Broadband-Broadband / Broadband-Narrowband Stacked Dual-Wavelength Organic Photodetectors
As one of the most ubiquitous technologies, photodetectors are playing a pivotal role in industrial automatization, medical monitoring, agriculture and smart devices for consumer applications. In the past decade, organic photodetectors (OPDs) have drawn tremendous attention because of the endowed advanced properties such as lightweight, flexibility, low-cost production, large-area scalability, biocompatibility. [1]
A key feature, required for OPDs to be employed for novel applications, is the capability of sensing dual wavelengths with a single detecting window. The dual-band OPDs can be constructed by stacking two OPDs on top of each other. The stacked OPDs can measure independently of the light intensity and unaffected by ambient noise like dust, smoke or steam. Hereby, such OPDs can pave a way for highly integrated and irradiance independent advanced sensing systems.
In organic electronics, stacked broadband OPDs can be realized by employing organic materials, which have complementary absorption as shown in Figure 1a. The combination of these two material systems covers the spectral range from 400 nm to 900 nm, making them good candidates to realize dual-broadband OPDs.
Furthermore, the previously published micro-cavity enhanced OPDs [2] suffer from parasitic photoresponse out of their intended detection window, being mainly induced by higher order resonances or intrinsic above-gap absorption. To overcome this issue, traditionally, a bandpass filter or a layer of intrinsic photo-absorbing material is integrated in front of the OPD, increasing its complexity. As shown in Figure 1b, this problem can be elegantly solved by integrating a broadband, non-cavity OPD in front of a cavity-induced OPD, both of them employing the same photo-absorbing materials. The broadband sub-cell has a detection window covering the visible range; simultaneously, the narrowband sub-cell gives broad tunable photoresponse in the NIR regime. Both sub-cells are expected to have no side effect to each other.
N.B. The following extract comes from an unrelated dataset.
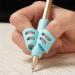 Pencil handle queta 6 parts silicone writing aid training for children pencil holder pen writing aid grip posture correction tool 1 piece (6 Pack)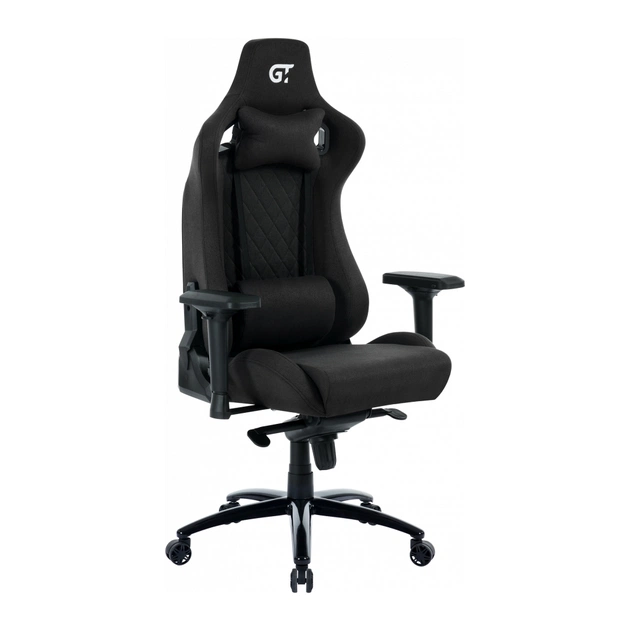 Крісло ігрове GT Racer X-0716 Black (X-0716 Fabric Black) - зображення 1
This master thesis project will focus on realizing the mentioned broadband-broadband and/or broadband-narrowband OPDs by selecting suitable photoabsorbing material systems and designing the desired device architecture. Furthermore, the project also requires a combination of optical modeling and device characterization. The stacked devices will be characterized by measurements of the external quantum efficiency, current-voltage curves in the dark and under illumination, response speed and noise.